Exactly how carefully to check inputs / return values is an important question. As example, if the API is said to return a string, I would check that:

• the data type actully is a string

• and that length is between min and max values. Always check strings for max size that my program can expect to handle (returning too large strings is a classical security problem in networked systems).

• Some strings should be checked for "illegal" characters or content when that is relevant. If your program might send the string to say a database later, it is a good idea to be check for database attacks (search for SQL injection). These tests are best done at the borders of my system, where I can pinpoint where the attack came from and I can fail early. Doing a full SQL injection test might be difficult when strings are later combined, so that test should be done before calling the database, but if you can find some problems early it can be useful.

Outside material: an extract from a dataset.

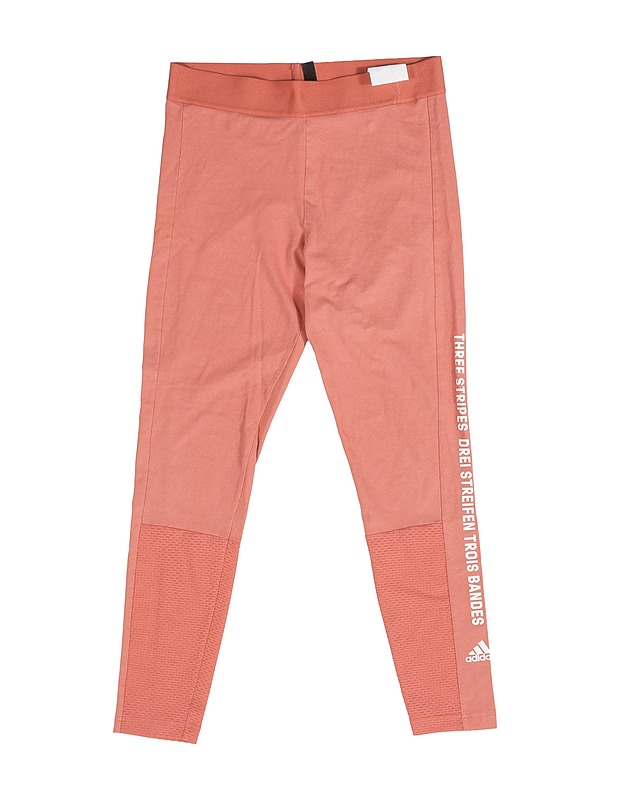 ADIDAS leggingsit, 40 - Urheiluvaatteet ja fanivaatteet - 10105606399 - 0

The reason for testing parameters I send to the API is to be sure that I get a correct result back. Again, doing these tests before calling an API might seem unnecessary but it takes very little performance and may catch errors in my program. Hence the tests are most valuable when developing a system (but nowadays every system seems to be in continous development). Depending on the parameters the tests can be more or less thorough but I tend to find that you can often set allowable min and max values on most parameters that my program could create. Perhaps a string should always have at least 2 characters and be a maximum of 2000 characters long? The min and maximum should be inside what the API allows as I know that my program will never use the full range of some parameters.